Projectors and Least Squares

04 Nov 2017

Here, we will take a look at projection matrices and finish up with looking again at the principle of least squares.

Projectors

A square matrix $P$ such that

\[\begin{equation} P^2 = P \end{equation}\]

is said to be a projection matrix. The projection need not be orthogonal, if $P$ is indeed not orthogonal, we may call it oblique.

Projectors are named such since they can be thought of as the result of shining a light on $\text{range}(P)$ from just the right direction. So that $Pv$ is the shadow of $v$.

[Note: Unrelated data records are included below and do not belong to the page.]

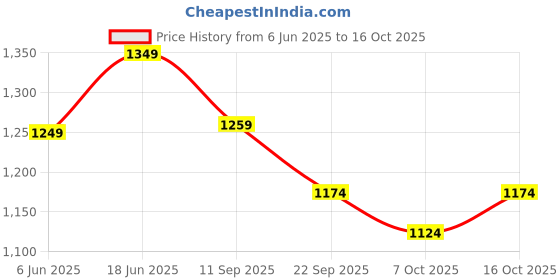 flipkart.com mudsor TAIL PANEL APACHE RTR 160/180 MAT BLUE Bike Crash Guard mudsor Price History Graph from 6 Jun 2025 to 16 Oct 2025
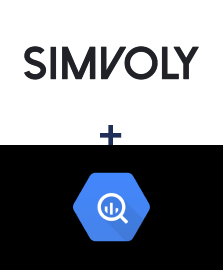 Integracja Simvoly i BigQuery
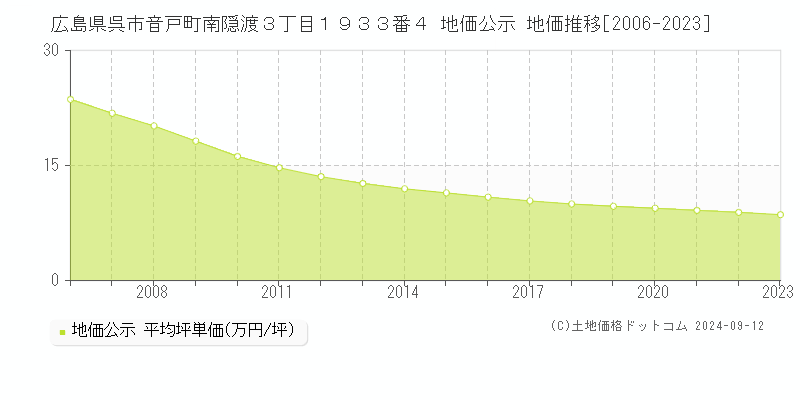 広島県呉市音戸町南隠渡３丁目１９３３番４ 公示地価 地価推移[2006-2024]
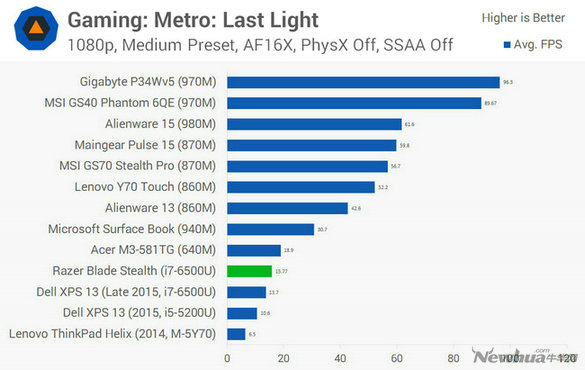雷蛇锋刃评测,雷蛇razerblade评测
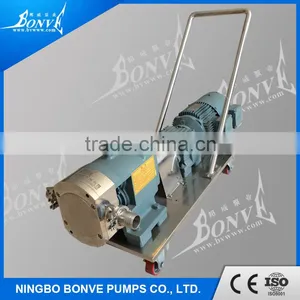 High Quality Variable Speed Pump Made in China thumbnail-1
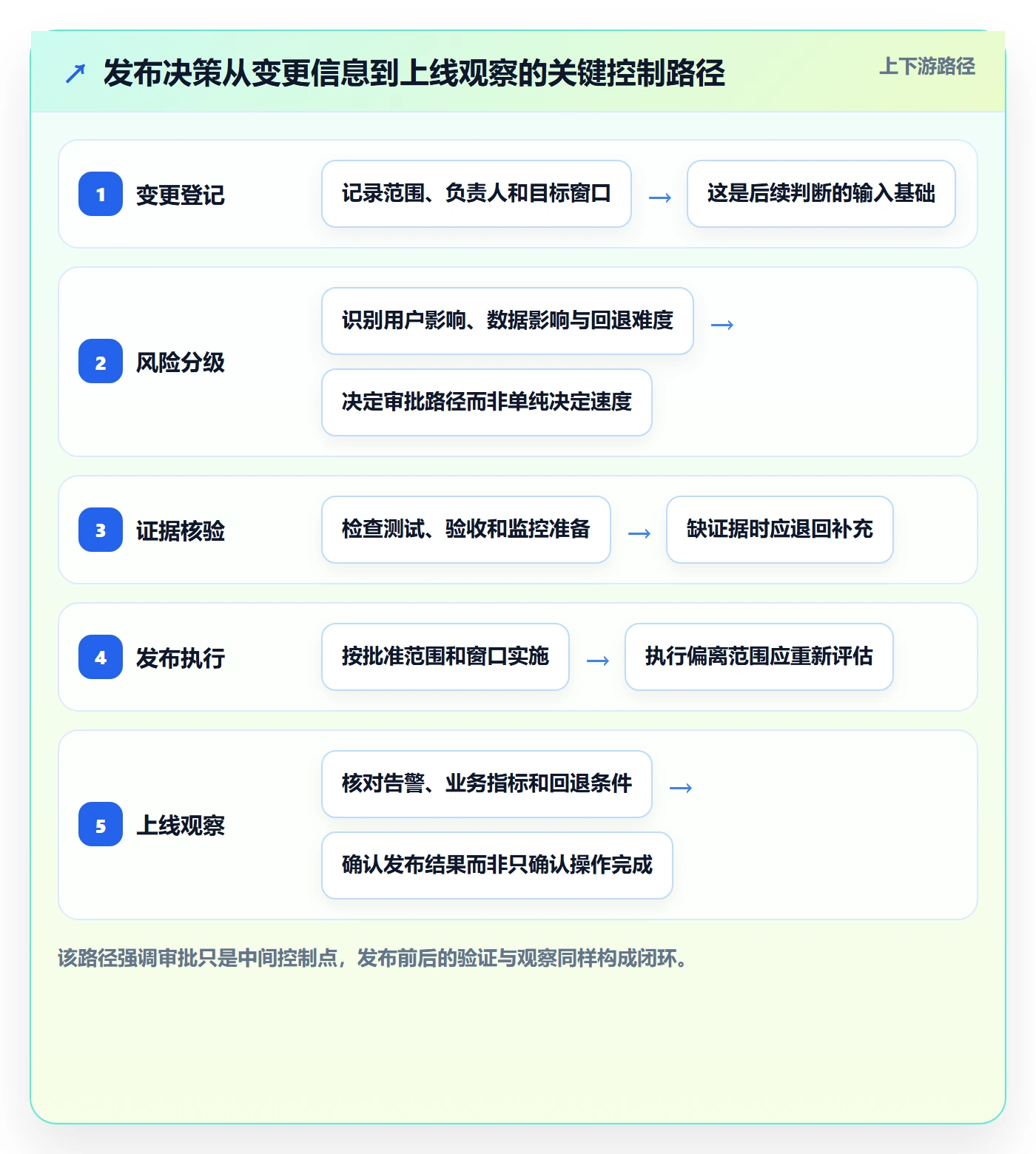 发布审批最佳实践：项目成员发布管理流程优化，常见问题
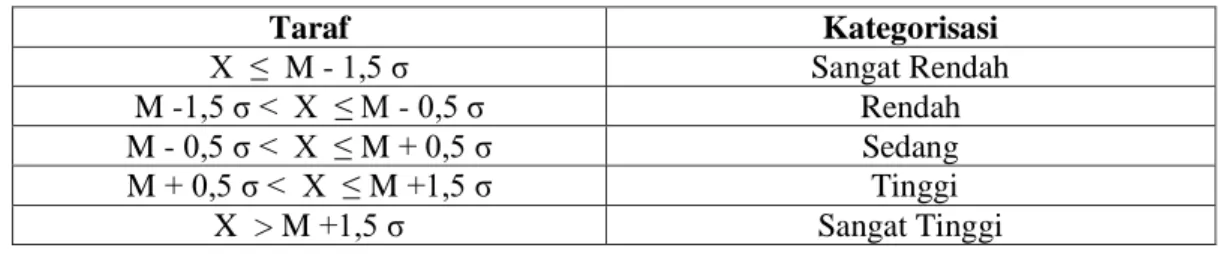 Tabel 1. Kategorisasi Azwar (2006) 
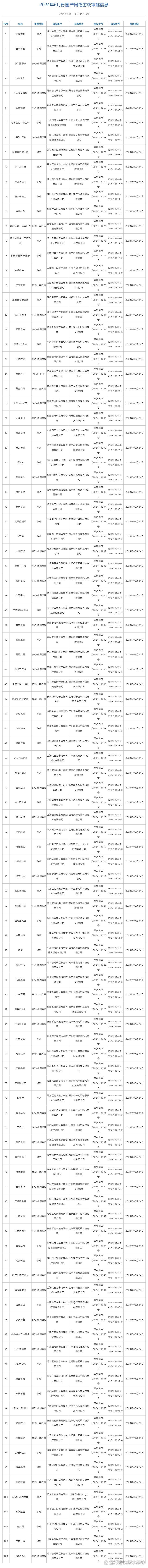 办理网络游戏版号,数据整合方案实施_投资版121,127.13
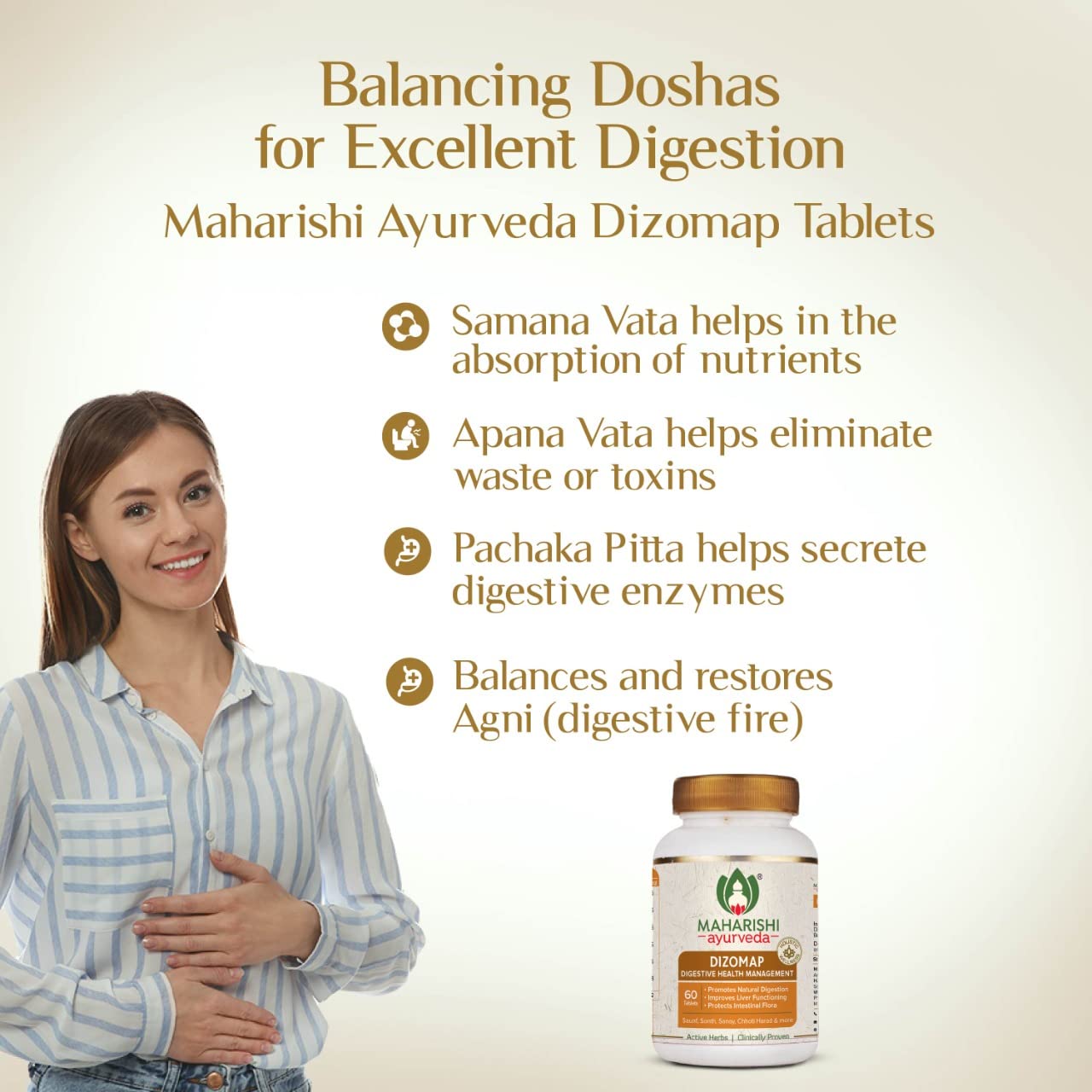 Zephivo Maharishi Ayurveda Dizomap, Ayurvedic Tablet Medicine For Indigestion & Constipation, Improves Liver Functioning & Intestinal Flora, Saunf, Sonth, Sanay & Chhoti Harad, 60 Tablets
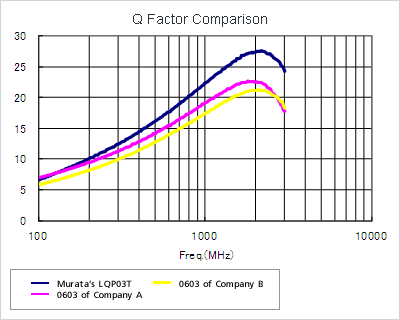 LQP03T_ 02 Series achieved High Q with a unique internal structure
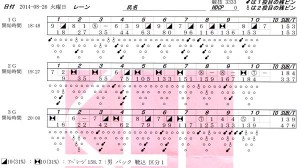 ボウリングスコア ボウリングスコア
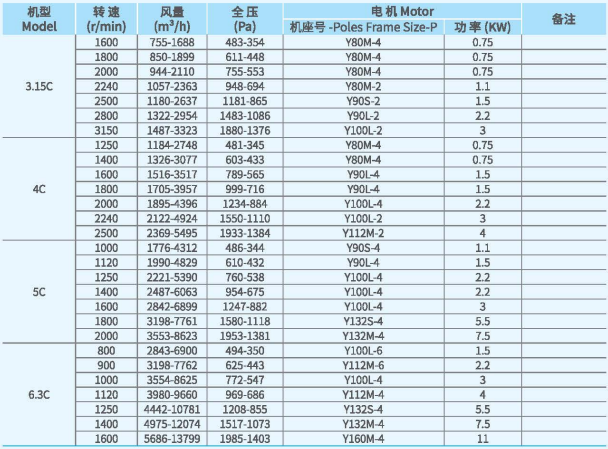 XFCL-SB系列排塵離心通風機參數1.png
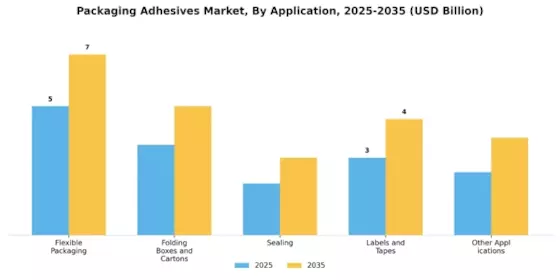 Packaging Adhesives Market Segment Image 1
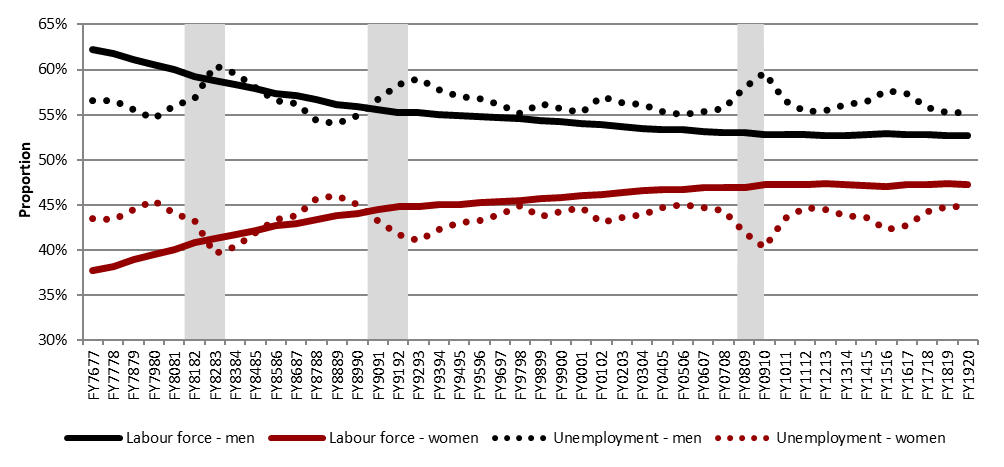 Chart 7 ─ Distribution of the labour force and unemployment by gender,  Canada, FY7677 to FY1920 - Text description follows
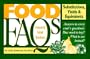 Food FAQs: Substitutions, Yields & Equivalents
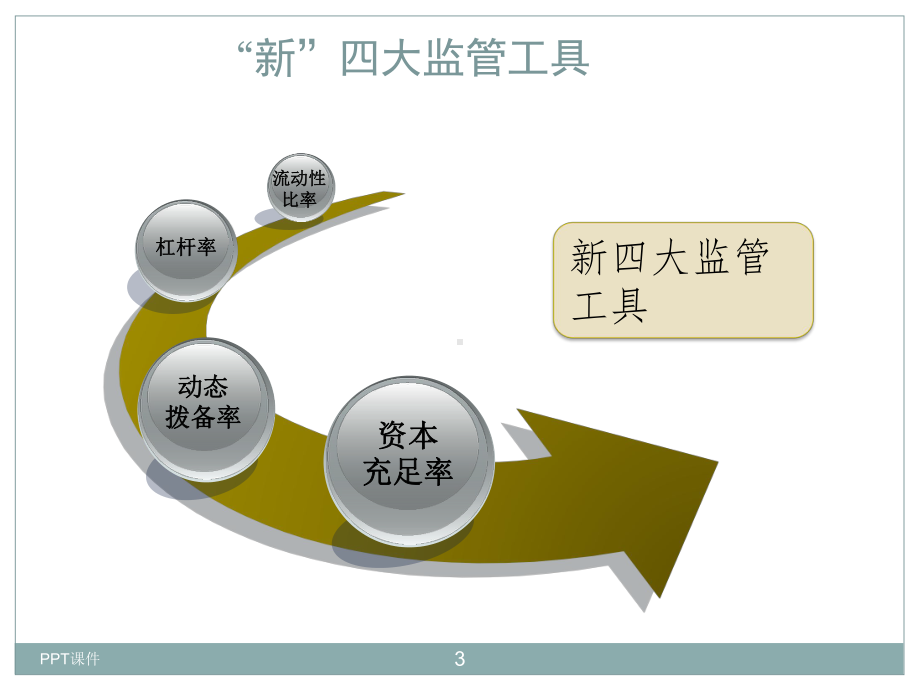 银监会最新监管政策-ppt课件.ppt_第3页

But from what direction does the light shine? To answer that question first consider if $v \in \text{range}(P)$. Then it lies in it’s own shadow. That is if $v=Px$ for some $x$ then

\[Pv=P^2x = Px = v.\]

If $v \notin \text{range}(P)$, then $v \neq Pv$ and we can consider the vector $Pv - v$. This is the vector from $v$ to $Pv$. Applying $P$ to this vector will give us $0$:

\[P(Pv - v) = P^2v - Pv = 0.\]

So $Pv - v \in \text{null}(P)$. So for any $v$, the direction that the light is shining from may be different, but it will be a vector in $\text{null}(P)$.

Complementary Projectors

If $P$ is a projector, so is the matrix $I-P$, since

\[(I-P)^2 = (I - P)(I - P) = I - 2P + P^2 = I - P.\]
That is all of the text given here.